A ação mobiliza mais de 50 agentes para o cumprimento de mandados de busca e apreensão em São Paulo.
A Justiça Federal também autorizou o bloqueio de bens e valores dos investigados, além da quebra dos sigilos bancário e fiscal. O valor total das medidas patrimoniais pode chegar a R$ 670 milhões.
Segundo a investigação, o foco está em possíveis práticas adotadas por gestores da instituição para apresentar ao mercado e aos órgãos reguladores uma situação financeira diferente da realidade.
O que a PF investiga
De acordo com as investigações, relatórios do Banco Central apontaram indícios de graves irregularidades na condução dos negócios da instituição financeira.
A suspeita é de que administradores do banco tenham manipulado balanços e resultados contábeis para esconder a real situação econômico-financeira da empresa e transmitir uma imagem de solvência aos órgãos de fiscalização.
Ainda segundo a Polícia Federal, o esquema teria permitido a supervalorização de ativos e a geração artificial de receitas que somam centenas de milhões de reais.

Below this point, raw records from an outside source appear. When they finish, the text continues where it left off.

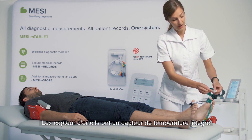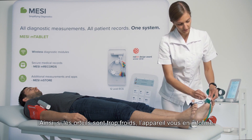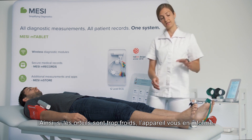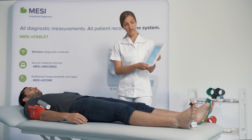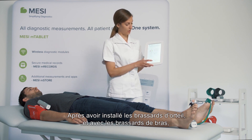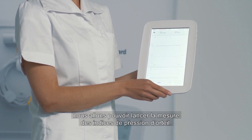The toes also have integrated heat sensors, so if the toes are too cold, the device will let you know. After you have placed the toe cuffs, you still have your arm cuffs from the ABI measurement, and we can continue on to the toe brachial index measurement.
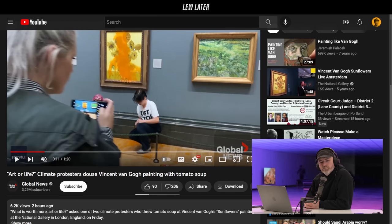Fortunately, the Van Gogh painting is behind glass. I'm pretty sure they didn't know that. Why do you got to spoil their protest? This is a big moment for them — the painting's gone. Why do you got to say the glass is there?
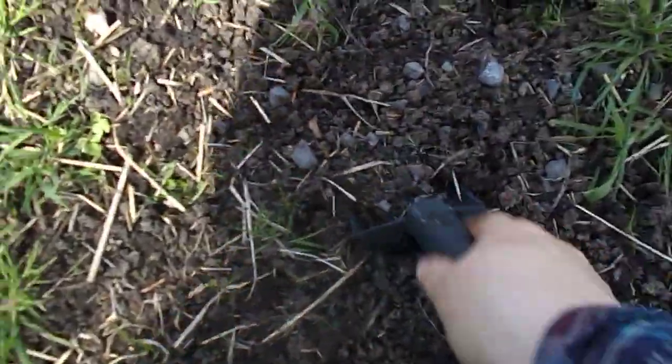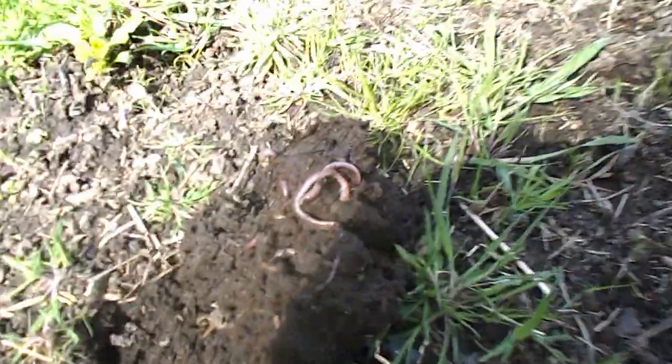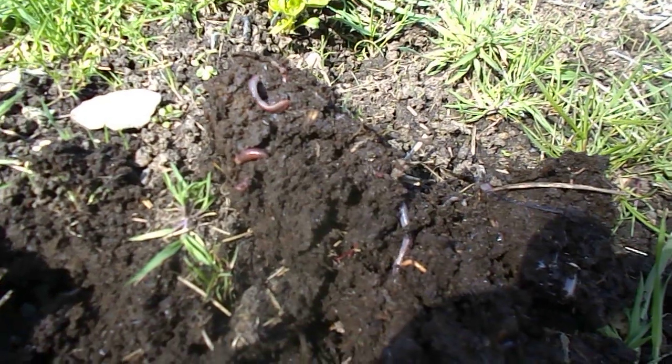I'm going to talk today about earthworms and the importance of them in your soil. Look at that — one scoop, look at all the worms in the garden. This is because we add a lot of manure to our garden.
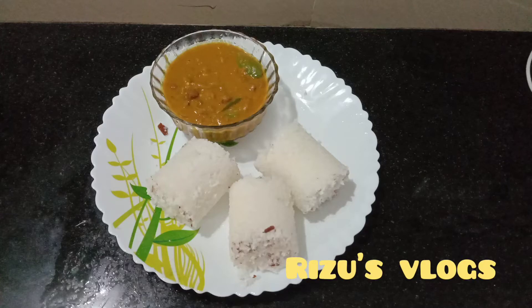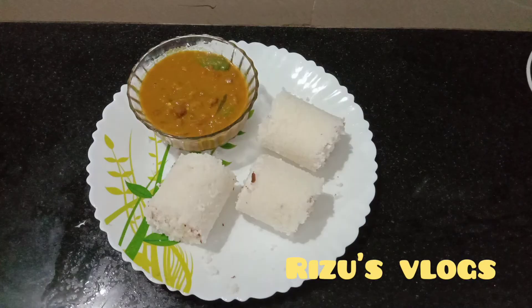Hi friends, welcome to this video. Today, I am going to make a recipe for beef curry.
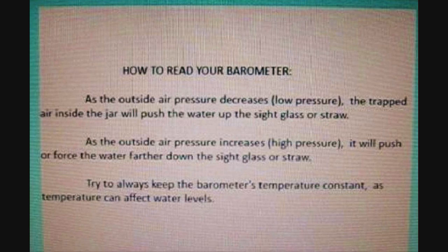Low pressure systems are generally stormy and cloudy outside, while high pressure means clear days. So when you see the water shooting up the sight glass, you know there's a storm brewing. And when it goes down below into the jar, it's calm and clear weather.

Os investigadores também apuram possíveis operações financeiras realizadas em benefício da empresa controladora do banco, além da suposta inserção de informações falsas em sistemas oficiais de registro.
Quais crimes são investigados
Os alvos da operação poderão responder por crimes previstos na Lei do Sistema Financeiro Nacional, entre eles gestão fraudulenta, inserção de dados falsos em demonstrativos contábeis e realização de operações de crédito proibidas.

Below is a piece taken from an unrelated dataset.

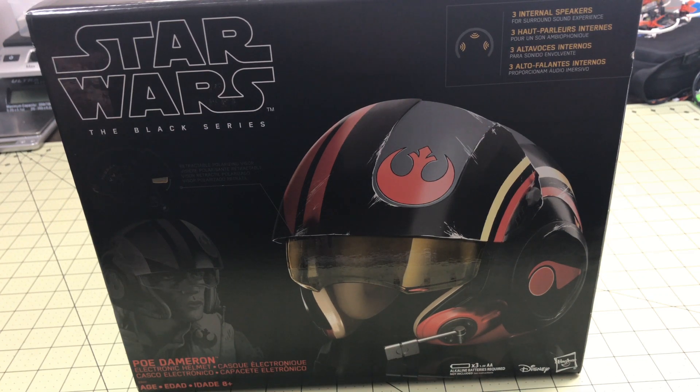Hello my fellow geeks, it is that time of year — we just had Force Friday and the stuff is piling up. I'm going to start with the Poe Dameron Black Series helmet. If you've seen this channel at all, you'll know I love the Star Wars helmets — the Kylo Ren, the Stormtrooper, even the Iron Man helmet. But now I get to be Poe Dameron, which I'm not sure I'm cool enough to pull off, but I'm gonna try.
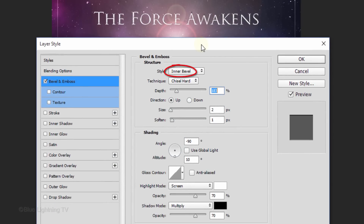Click Bevel & Emboss. The Style is Inner Bevel and the Technique is Chisel Hard. The Depth is 183%, the Direction is Up, the Size is 2 pixels and the Soften is 1 pixel. Uncheck Global Light. The Angle is minus 90 degrees and the Altitude is 10 degrees. The Highlight Mode is Screen and its Opacity is 70%. The Shadow Mode is Multiply and its Opacity is also 70%. Then click OK.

Até o momento, não há denúncia ou condenação relacionada ao caso. A investigação segue em andamento e busca determinar o grau de participação de cada um dos investigados.
O que é o Banco Digimais
Fundado em 1981, em Porto Alegre, como Banco Renner, o Digimais passou por mudanças de controle e adotou o atual nome em 2020, quando foi transformado em banco digital.
Foi nesse período que Edir Macedo assumiu o controle integral da instituição. O líder religioso já era acionista minoritário desde 2009.
Em 2025, houve uma tentativa de transferência do controle para o empresário Maurício Quadrado, mas a operação não foi concluída após a desistência do grupo comprador.